* **Goal of the exercise**
Would you please output all the records exactly as given? Pictures should not appear in the copy.

Captioned web images
Content starts

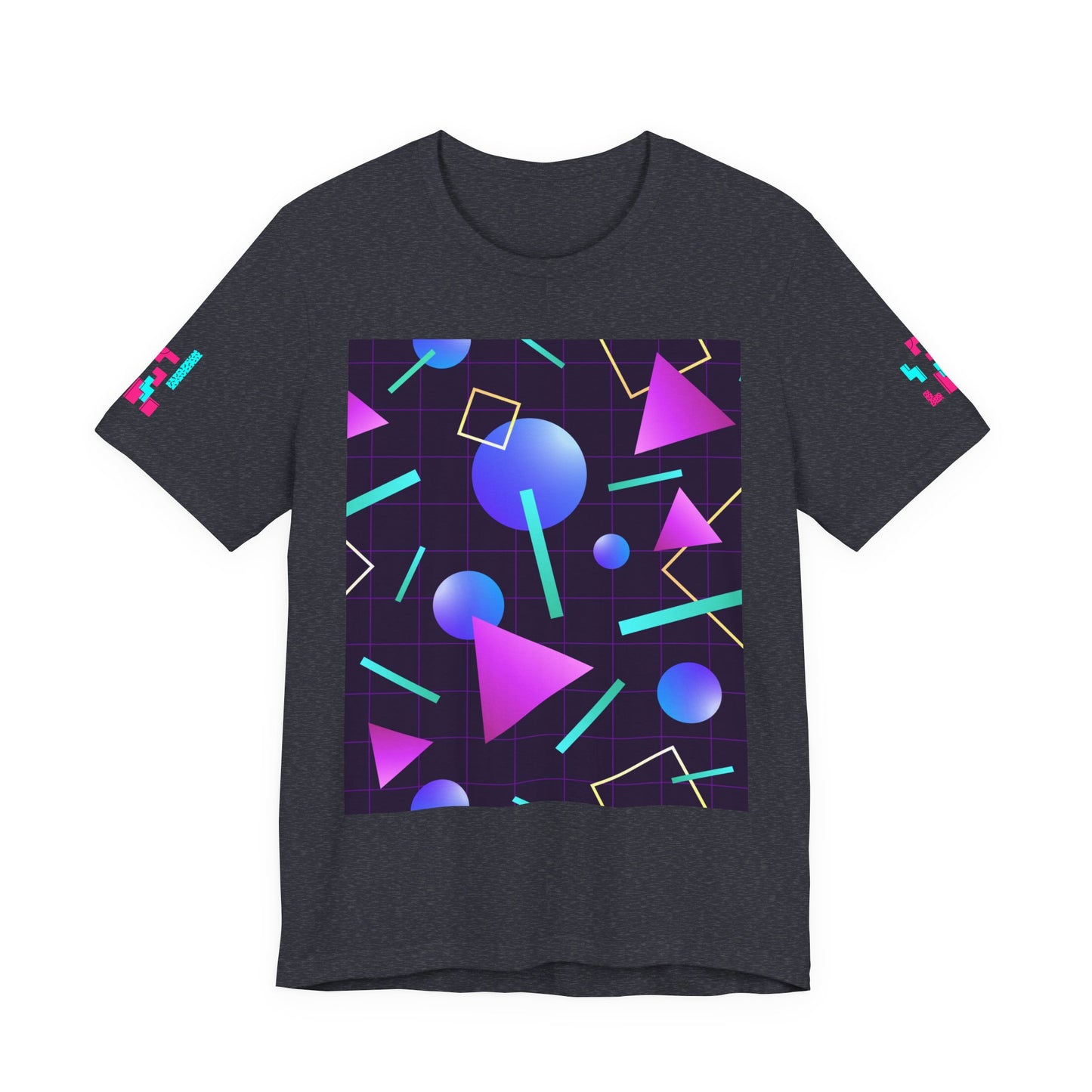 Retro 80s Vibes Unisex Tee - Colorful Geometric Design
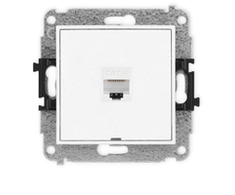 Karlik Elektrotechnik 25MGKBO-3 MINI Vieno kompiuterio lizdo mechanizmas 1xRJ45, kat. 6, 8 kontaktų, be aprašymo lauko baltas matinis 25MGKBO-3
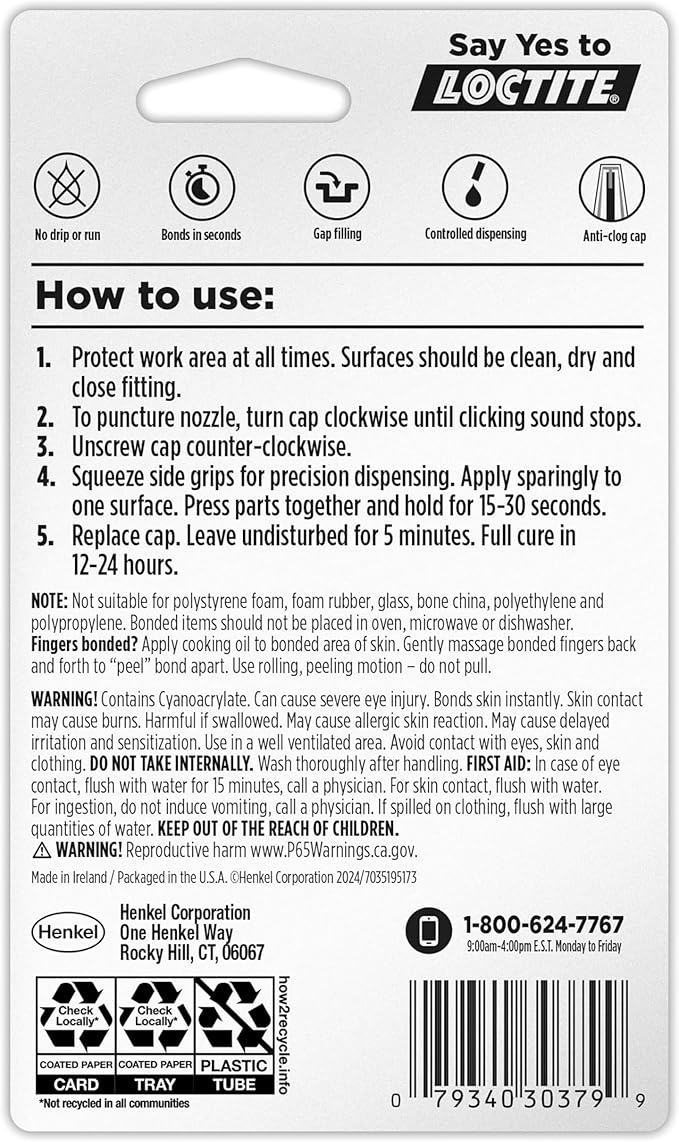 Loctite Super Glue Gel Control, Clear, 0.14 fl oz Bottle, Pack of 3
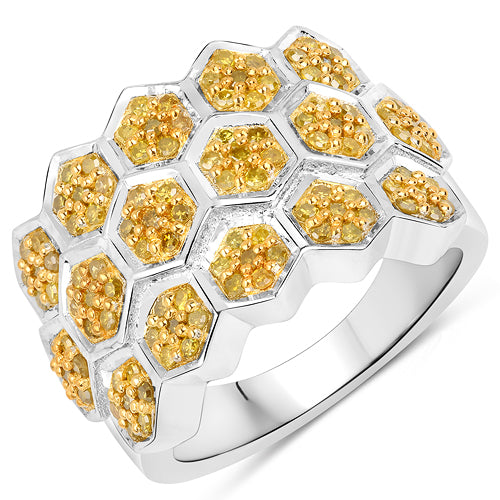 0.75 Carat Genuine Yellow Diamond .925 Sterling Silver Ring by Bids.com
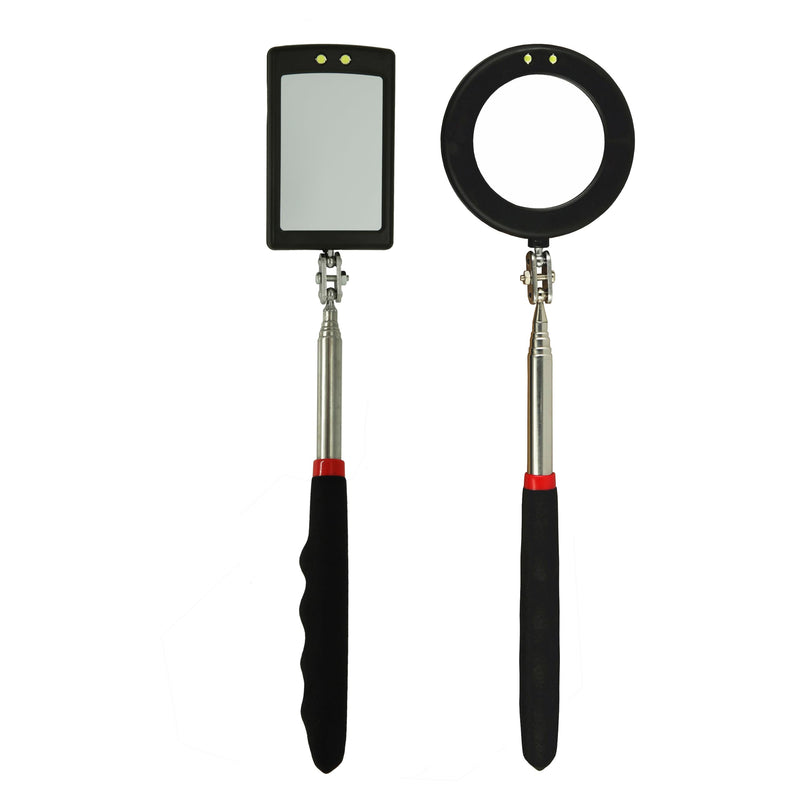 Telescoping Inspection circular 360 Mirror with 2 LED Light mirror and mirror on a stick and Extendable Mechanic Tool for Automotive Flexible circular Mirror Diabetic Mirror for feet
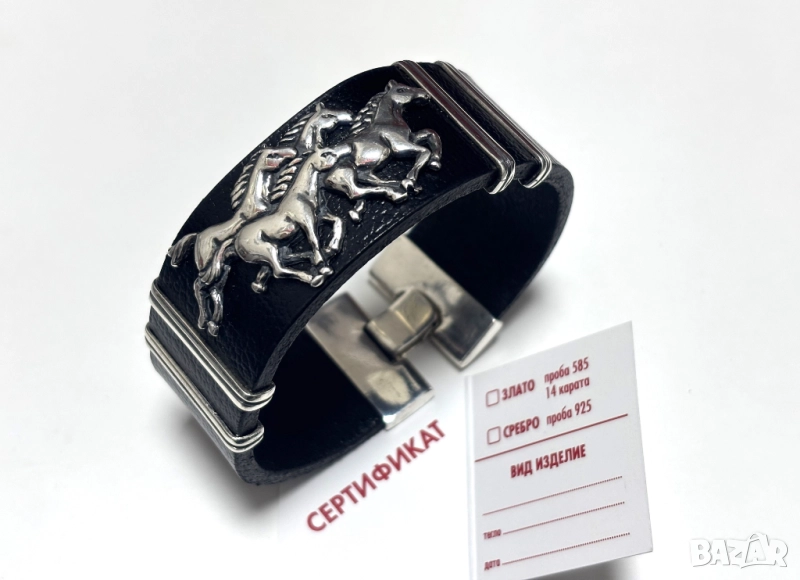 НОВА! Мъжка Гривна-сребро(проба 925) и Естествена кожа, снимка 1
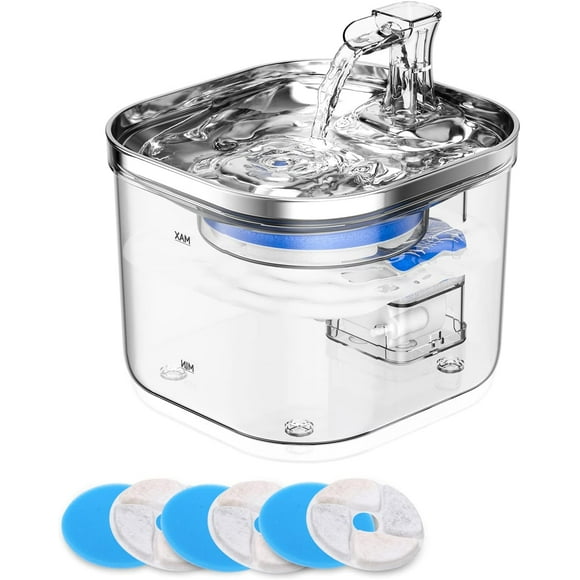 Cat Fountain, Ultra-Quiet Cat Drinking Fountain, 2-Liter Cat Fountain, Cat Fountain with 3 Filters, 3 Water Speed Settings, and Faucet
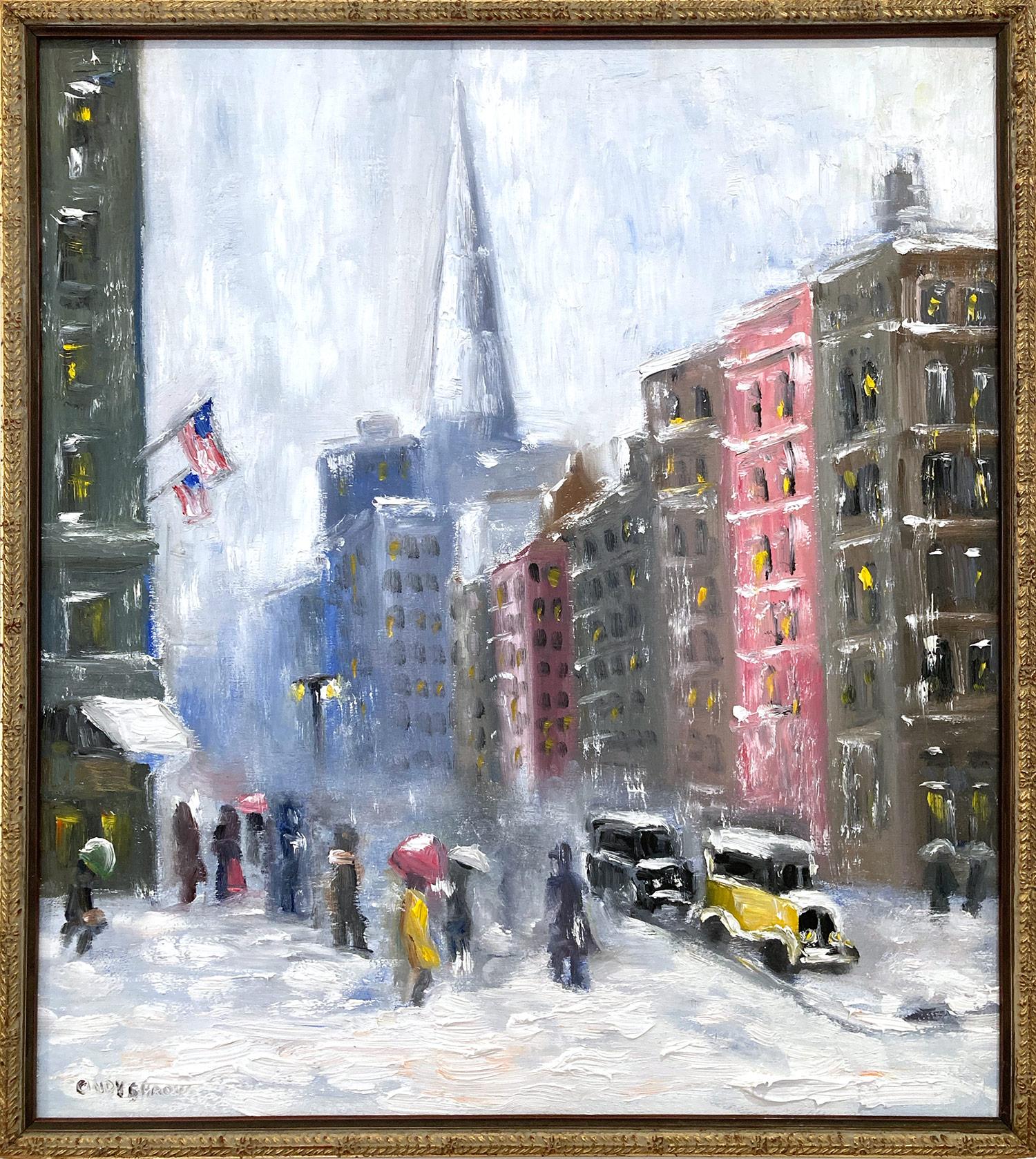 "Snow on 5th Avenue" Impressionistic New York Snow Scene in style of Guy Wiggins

Content ends

* **Output for this exercise**
 Retro 80s Vibes Unisex Tee - Colorful Geometric Design
 Karlik Elektrotechnik 25MGKBO-3 MINI Vieno kompiuterio lizdo mechanizmas 1xRJ45, kat. 6, 8 kontaktų, be aprašymo lauko baltas matinis 25MGKBO-3
 Loctite Super Glue Gel Control, Clear, 0.14 fl oz Bottle, Pack of 3
 0.75 Carat Genuine Yellow Diamond .925 Sterling Silver Ring by Bids.com
 Telescoping Inspection circular 360 Mirror with 2 LED Light mirror and mirror on a stick and Extendable Mechanic Tool for Automotive Flexible circular Mirror Diabetic Mirror for feet
 НОВА! Мъжка Гривна-сребро(проба 925) и Естествена кожа, снимка 1
 Cat Fountain, Ultra-Quiet Cat Drinking Fountain, 2-Liter Cat Fountain, Cat Fountain with 3 Filters, 3 Water Speed Settings, and Faucet
 "Snow on 5th Avenue" Impressionistic New York Snow Scene in style of Guy Wiggins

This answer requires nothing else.